There is the Calvinist undercurrent in the American psyche that loves the difficult, the

demanding, that sees mastering the impossible, whether it be prairie or subway, as a test

of character, and so glories in the struggle of this fractured coalescing. And there is a

grudging fairness among the citizens of the United States that eventually leads most to

admit that, no matter what the English-only advocates try to suggest, the new immigrants

are not so different from our own parents or grandparents. Leonel Castillo, former

director of the Immigration and Naturalization Service and himself the grandson of

Mexican immigrants, once told the writer Studs Terkel proudly, “The old neighborhood

Ma-Pa stores are still around. They are not Italian or Jewish or Eastern European any

more. Ma and Pa are now Korean, Vietnamese, Iraqi, Jordanian, Latin American. They

live in the store. They work seven days a week. Their kids are doing well in school.
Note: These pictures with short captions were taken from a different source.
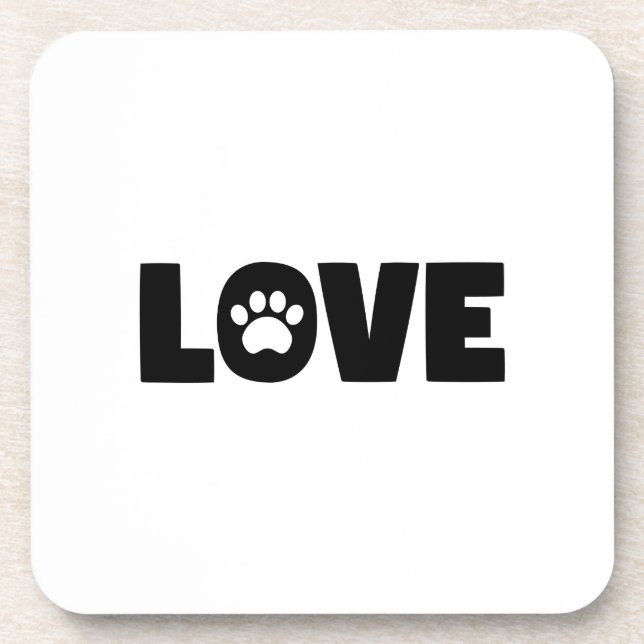 Porta-copo Love Paw Print (Frente)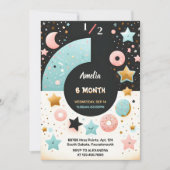 Jetzt Junge Mädchen 6 Monate Halbjahr Party Halbja Einladung (Vorderseite)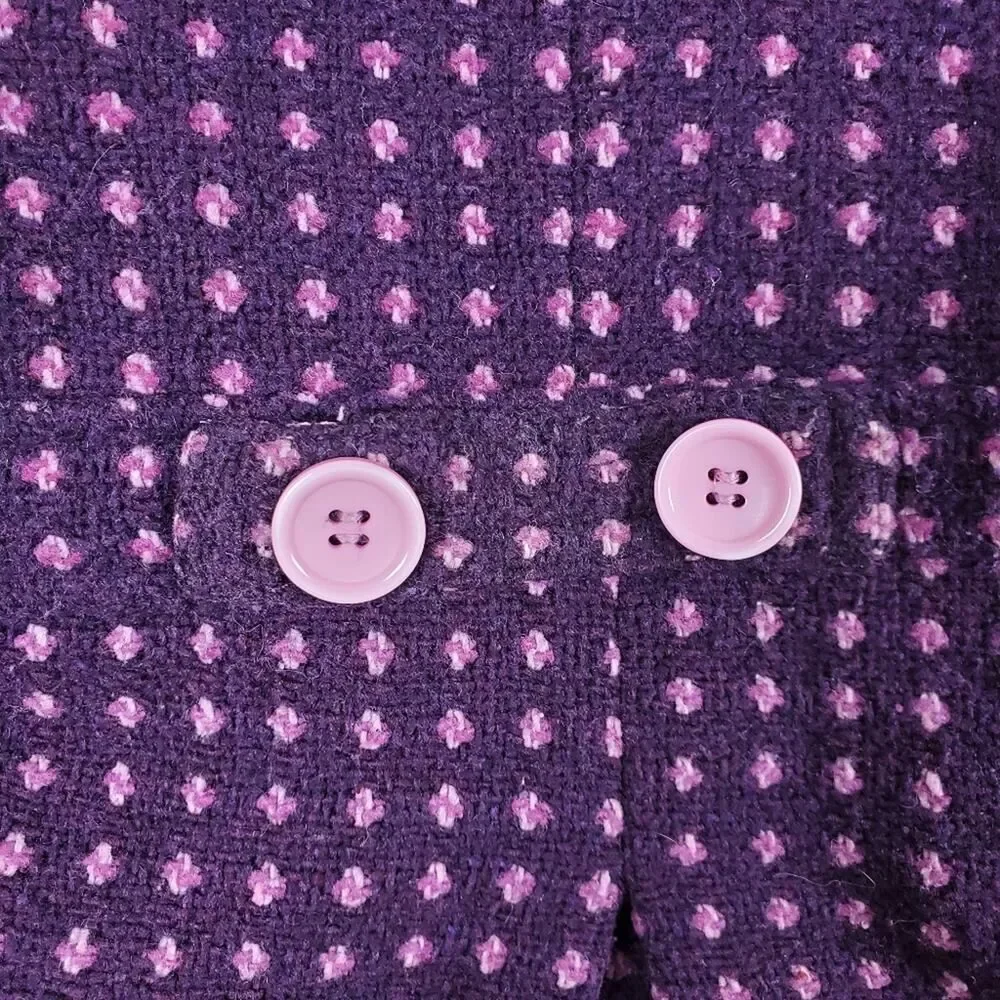 Young Hearts Floral Button Peacoat Purple 12 mths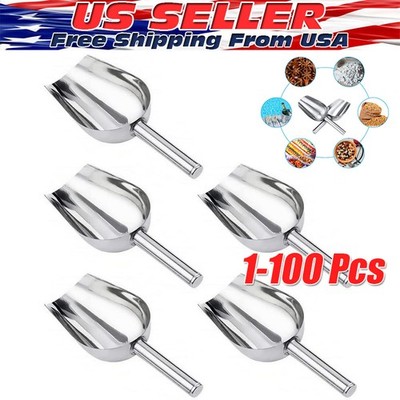 Stainless Steel Scoop Bar Ice Candy Dry Goods Popcorn Commercial Scooper 12oz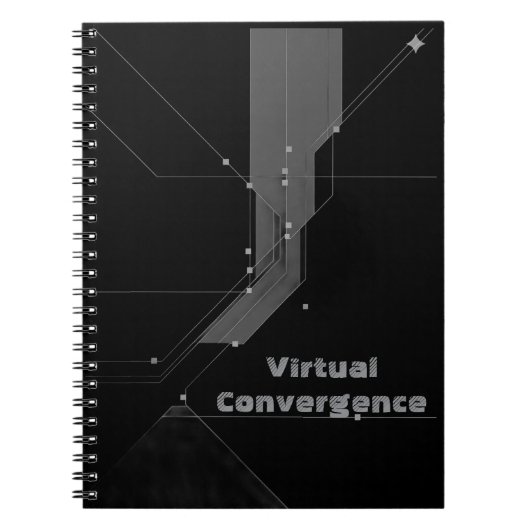 Libreta Espiral 'Glitch Controlado' - Arte Abstrac ノートブック (正面)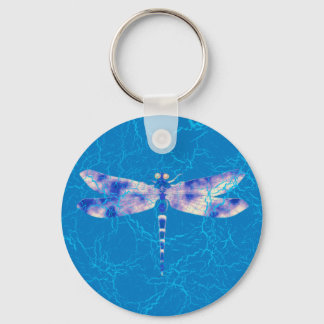 Blue Dragonfly Sleutelhanger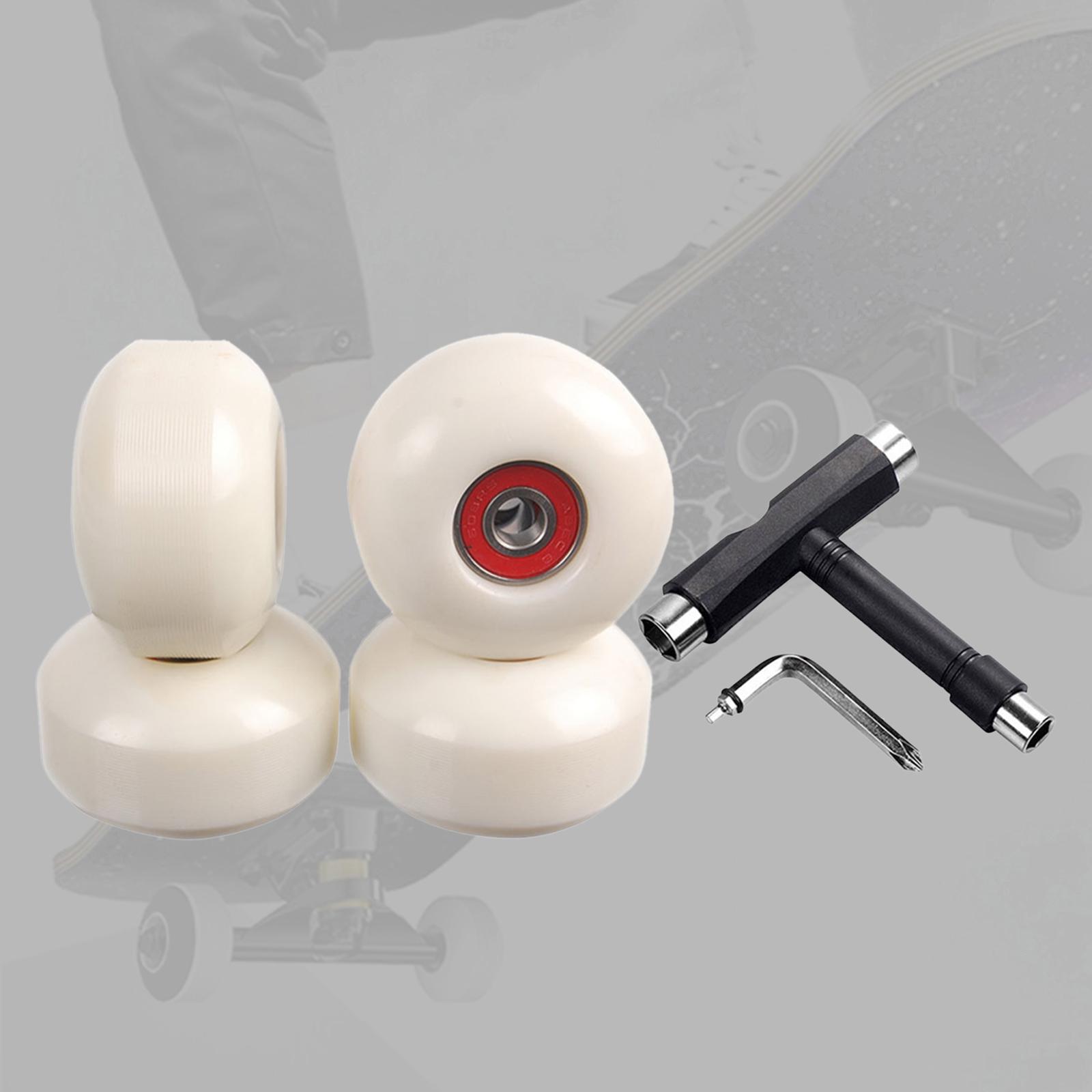 95A Skateboard Wheels Roller Smooth Longboard Inline Skates Roller ABEC 9 Bearings Street Skate Board T Type Tool Spanner Allen Key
They’re making it. Sound familiar?”

 

Tolerance is the word used most often when this kind of coexistence succeeds, but

tolerance is a vanilla-pudding word, standing for little more than the allowance of letting

others live unremarked and unmolested. Pride seems excessive, given the American

willingness to endlessly complain about them, them being whoever is new, different,

unknown, or currently under suspicion. But patriotism is partly taking pride in this

unlikely ability to throw all of us together in a country that across its length and breadth

is as different as a dozen countries, and still be able to call it by one name. When

photographs of the faces of all those who died in the World Trade Center destruction are

assembled in one place, it will be possible to trace in the skin color, the shape of the eyes

and the noses, the texture of the hair, a map of the world. These are the representatives of

a mongrel nation that somehow, at times like this, has one spirit. Like many improbable

ideas, when it actually works, it’s a wonder.